#### Records from a data collection
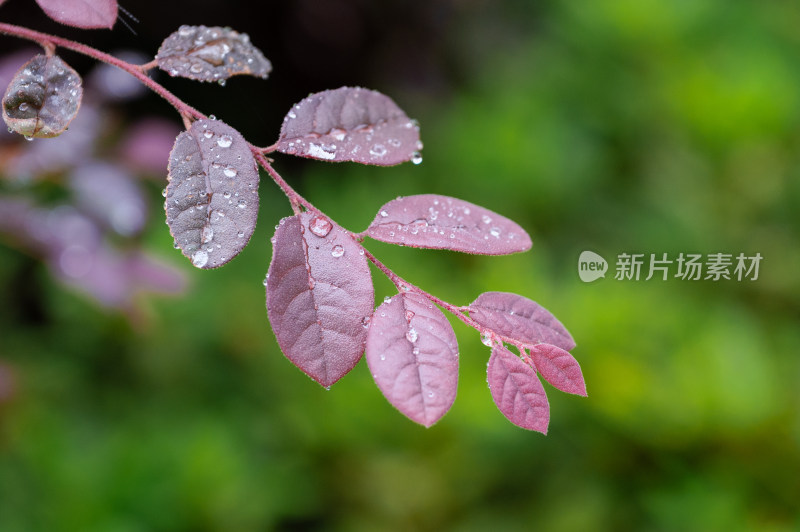 雨中自然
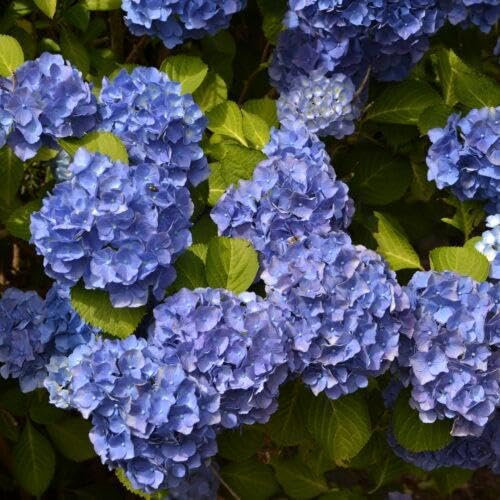 Hortensie Hydrangea macrophylla blau 30–40 cm im Topf | 1x blühende Bauernhortensie großblumig & winterhart | sofort pflanzbar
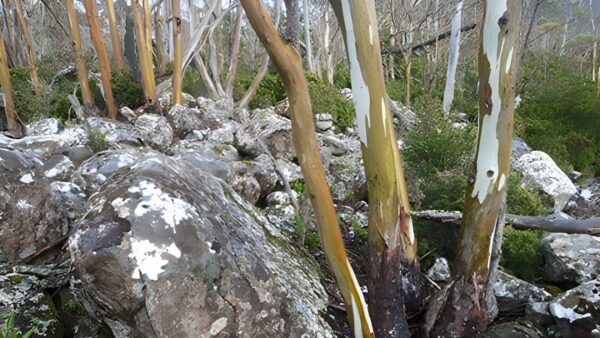 The springs to pinnacle loop hike (9km)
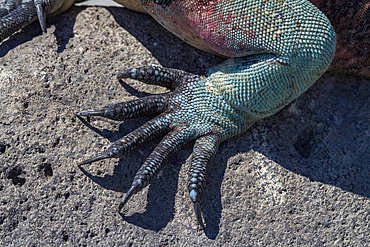 The endemic Galapagos marine iguana (Amblyrhynchus cristatus), foot detail, Espanola Island in the Galapagos Islands, UNESCO World Heritage Site, Ecuador, South America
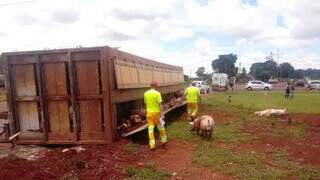 Caminh&atilde;o carregado com porcos tomba e deixa tr&acirc;nsito lento na BR-163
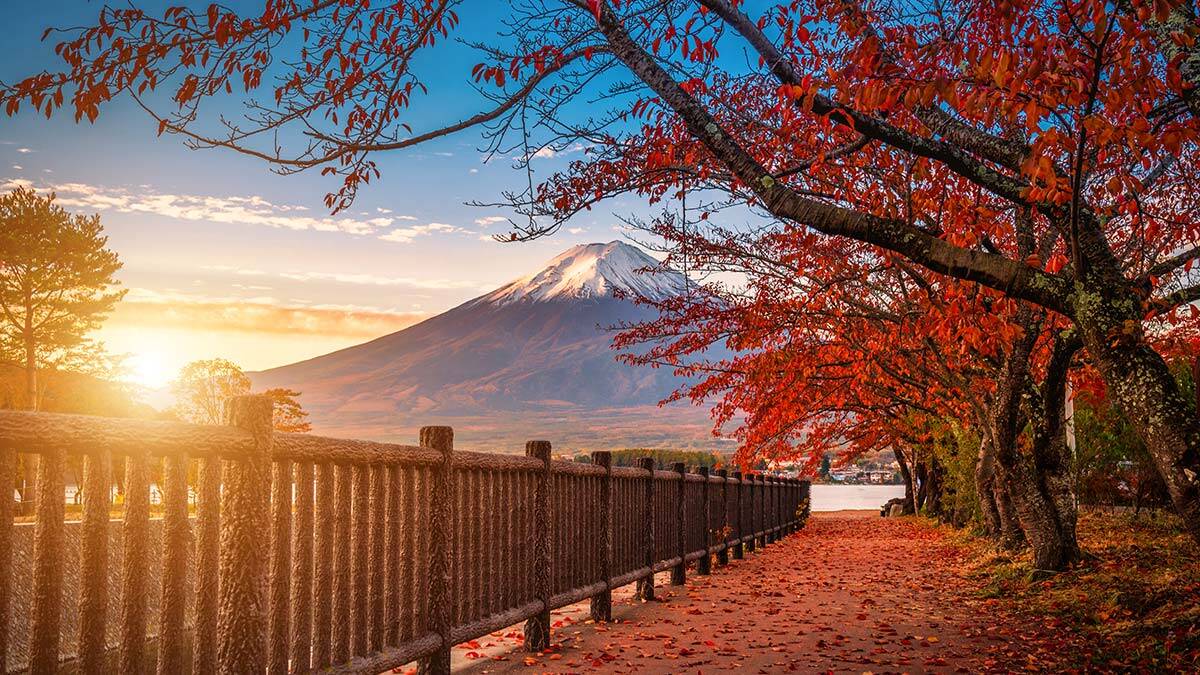 Sonbahar akşamı anıları!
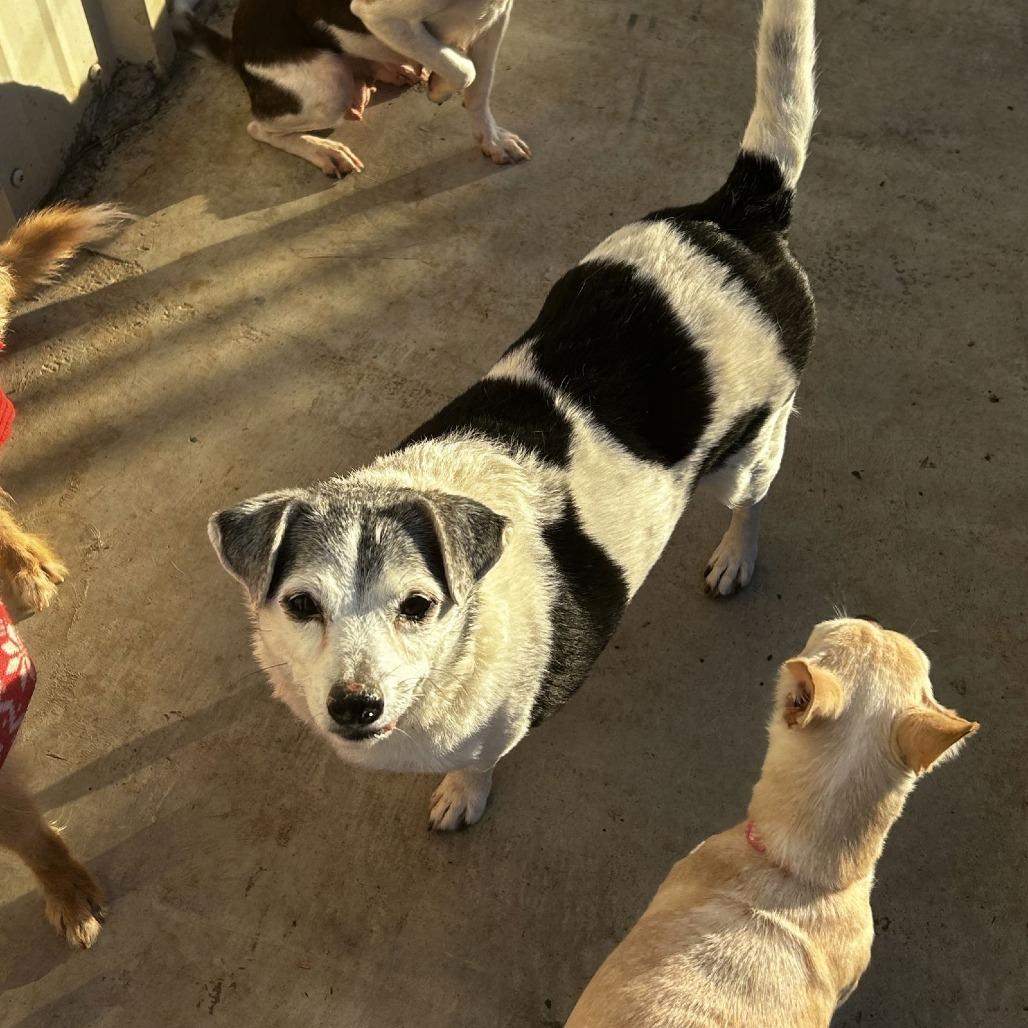 Danyon, a Adoptable Jack Russell Terrier in Chico, CA image 3/6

#### What to do
Write out the line that contains "Caminh&atilde;o carregado com" and every line after it to the end of the data, exactly as they stand. Omit the pictures.

#### The answer
 Caminh&atilde;o carregado com porcos tomba e deixa tr&acirc;nsito lento na BR-163
 Sonbahar akşamı anıları!
 Danyon, a Adoptable Jack Russell Terrier in Chico, CA image 3/6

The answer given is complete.